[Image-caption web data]
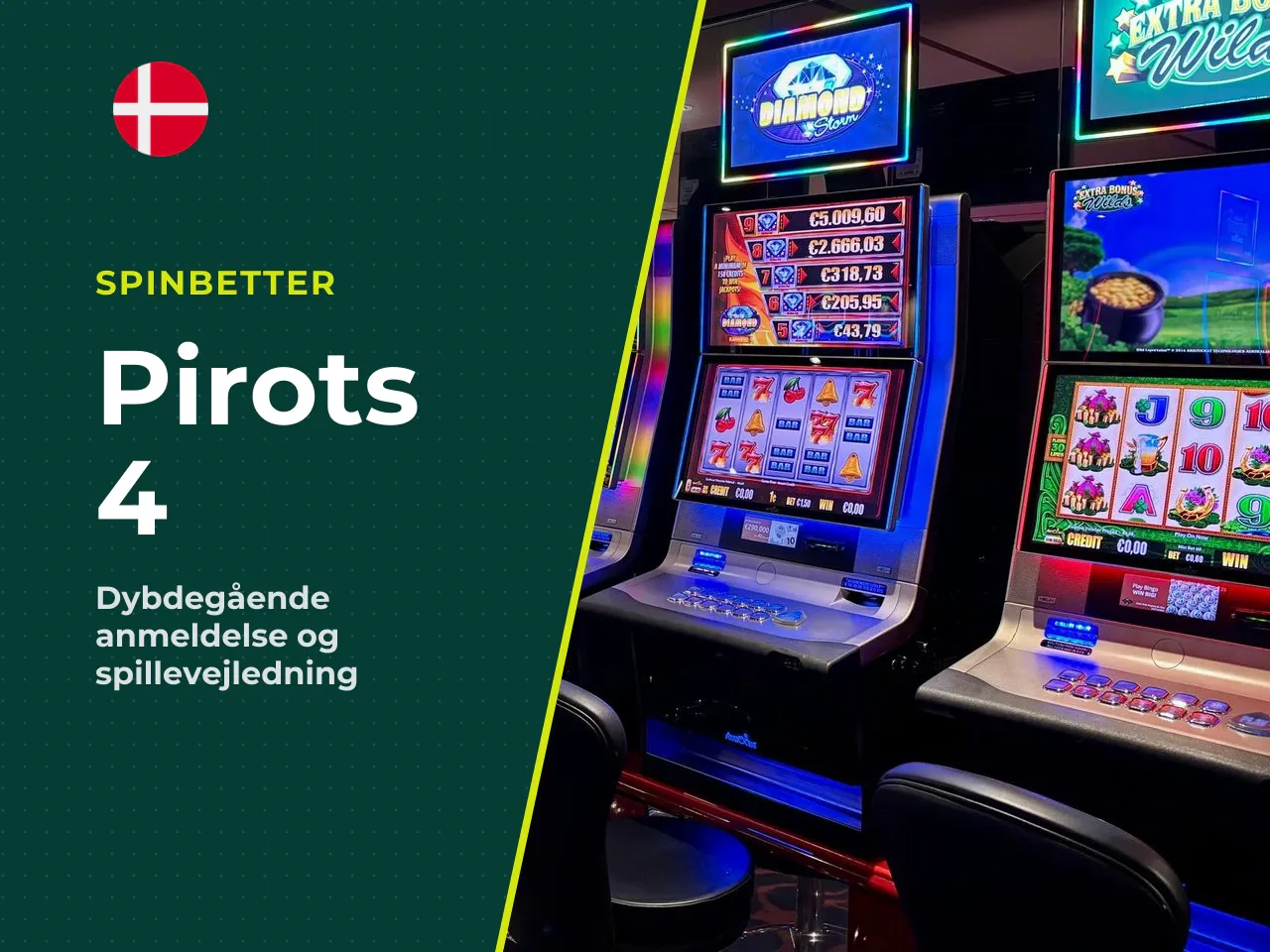 Pirots 4 er den fjerde installation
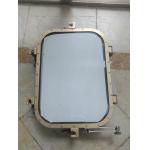 Rectangular Welding Aluminum Marine Windows 600×850mm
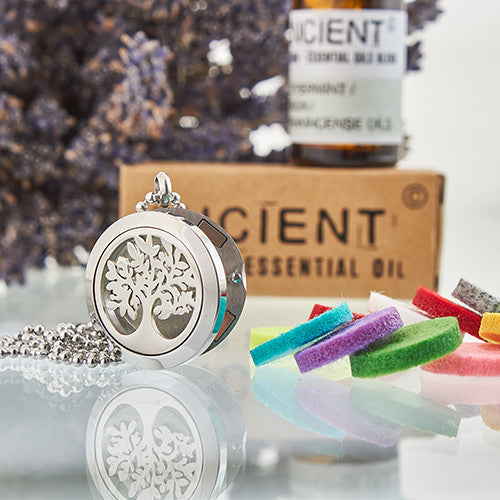 Aromatherapy Diffuser Necklace - LB Boutique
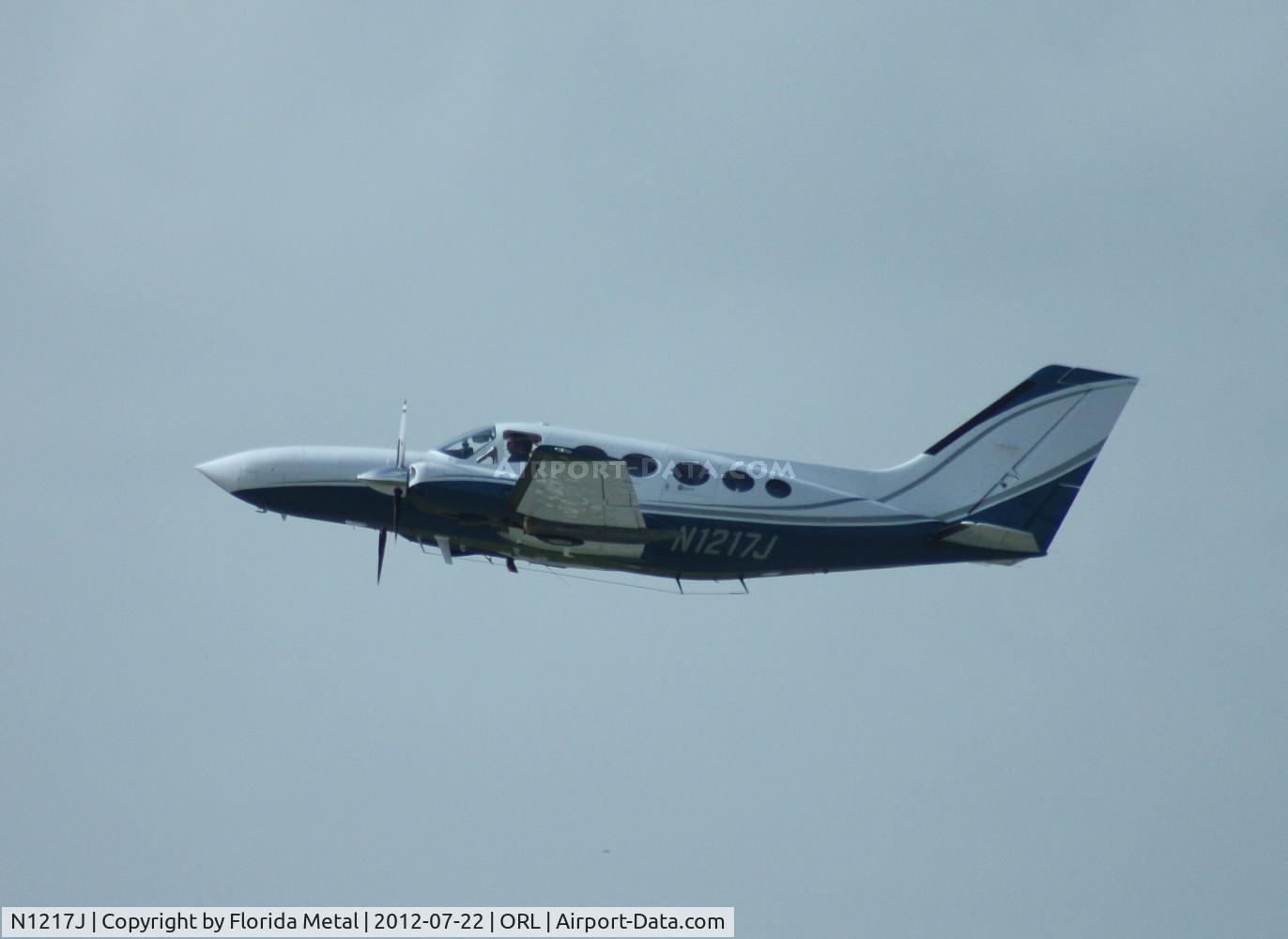 N1217J, 1980 Cessna 414A Chancellor C/N 414A0487, Cessna 414A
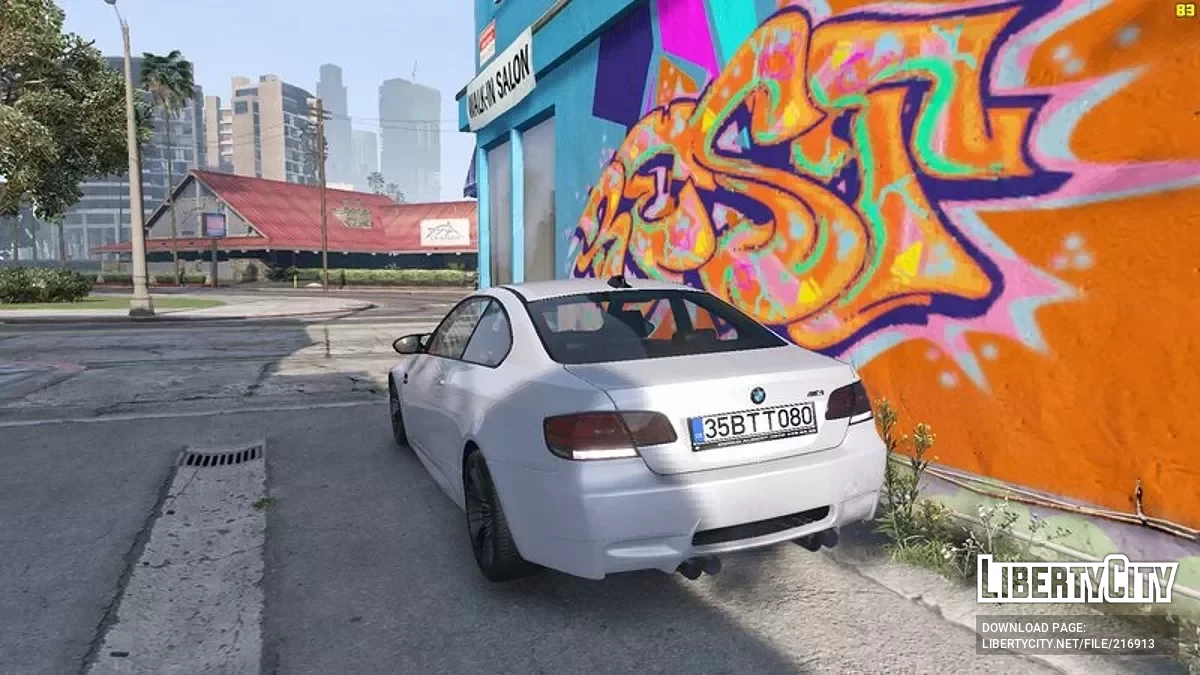 BMW M3 E92 / GTA 5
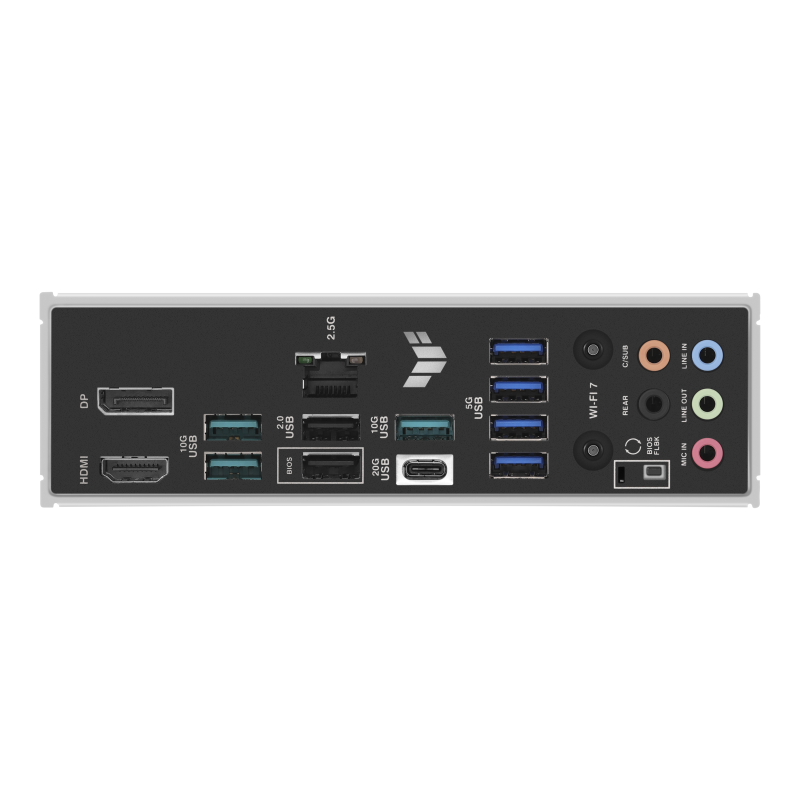 Дънна платка ASUS TUF GAMING B850-PLUS WIFI 7 socket AM5 - Image 4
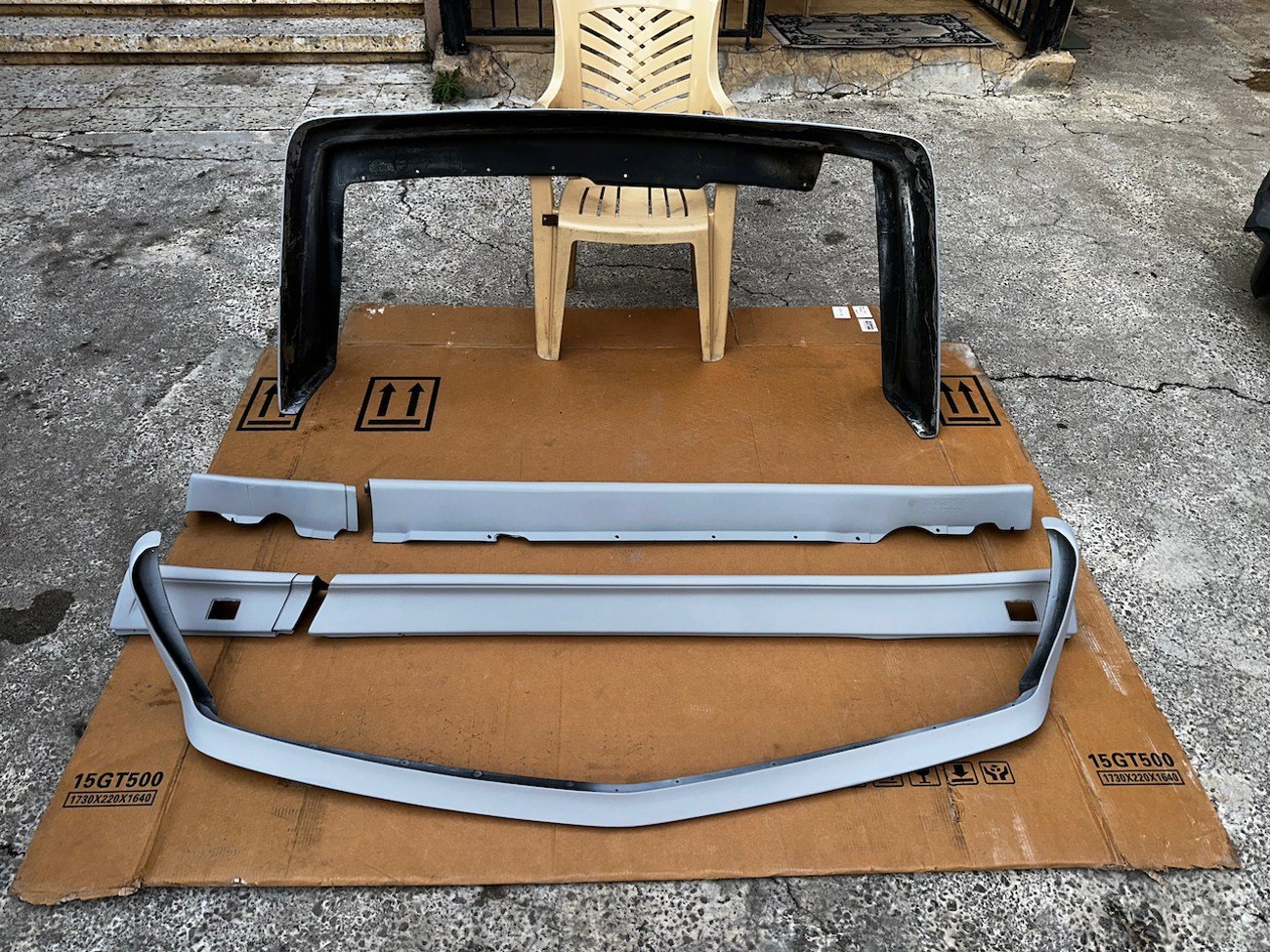 Pre-Merger Gen 2 AMG Body Kit for Euro C126 SEC (1986–1991) - Image 19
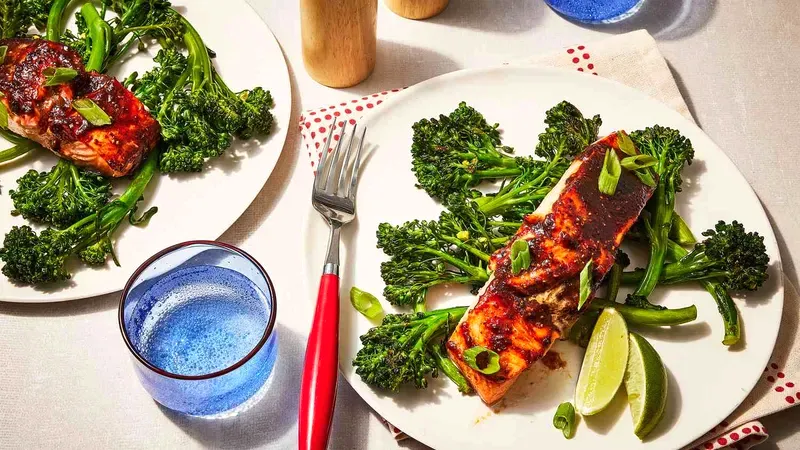 5-Ingredient Miso-Glazed Salmon Food photo of 5-Ingredient Miso-Glazed Salmon
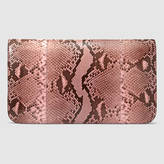 Thumbnail for your product : Gucci Jackie Soft python clutch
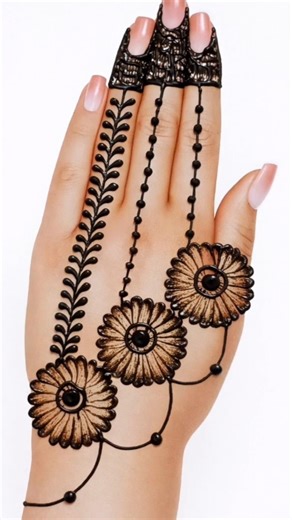 dotted mehndi designs || #mehndi #hennamagic #henna #creativehenna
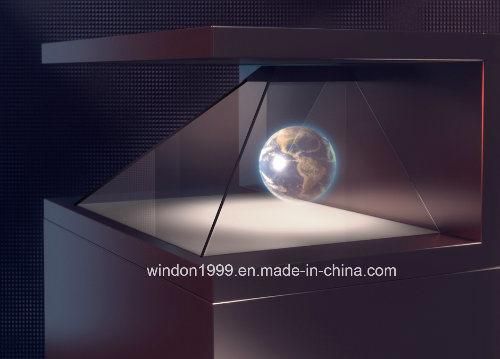 3D Hologram Pyramid Display Showcase / Holo Box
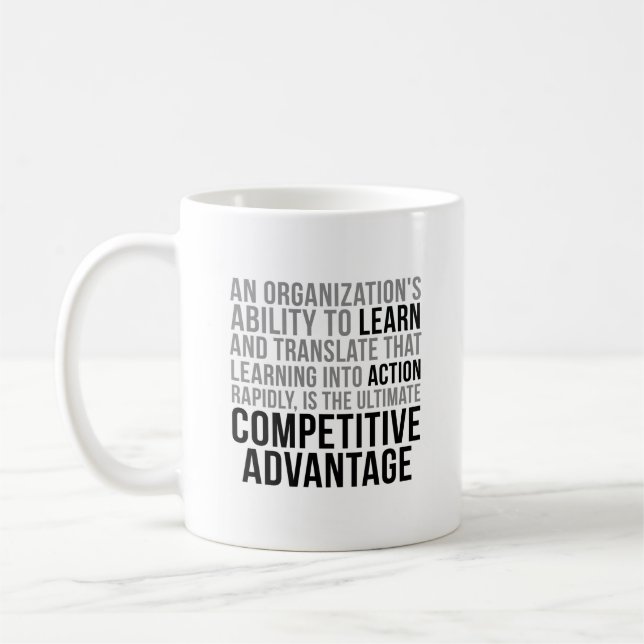 Competitive Advantage Coffee Mug (Left)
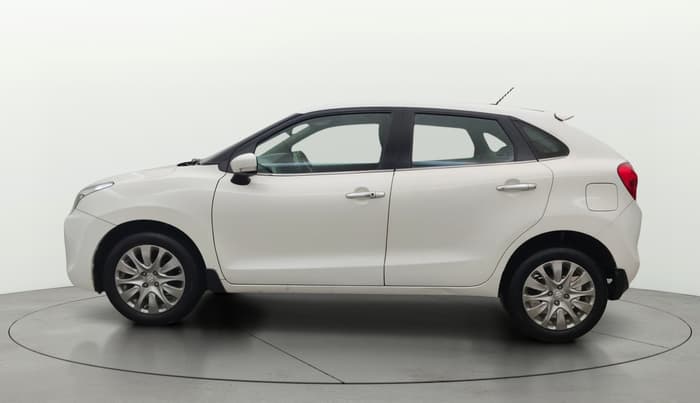 2017 Maruti Baleno ALPHA CVT PETROL 1.2, Petrol, Automatic, 61,180 km, Left Side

▸ **What is being asked**
Would you return the entries verbatim, minus any images?

▸ **Answer to this problem**
 Pirots 4 er den fjerde installation
 Rectangular Welding Aluminum Marine Windows 600×850mm
 Aromatherapy Diffuser Necklace - LB Boutique
 N1217J, 1980 Cessna 414A Chancellor C/N 414A0487, Cessna 414A
 BMW M3 E92 / GTA 5
 Дънна платка ASUS TUF GAMING B850-PLUS WIFI 7 socket AM5 - Image 4
 Pre-Merger Gen 2 AMG Body Kit for Euro C126 SEC (1986–1991) - Image 19
 5-Ingredient Miso-Glazed Salmon Food photo of 5-Ingredient Miso-Glazed Salmon
 Thumbnail for your product : Gucci Jackie Soft python clutch
 dotted mehndi designs || #mehndi #hennamagic #henna #creativehenna
 3D Hologram Pyramid Display Showcase / Holo Box
 Competitive Advantage Coffee Mug (Left)
 2017 Maruti Baleno ALPHA CVT PETROL 1.2, Petrol, Automatic, 61,180 km, Left Side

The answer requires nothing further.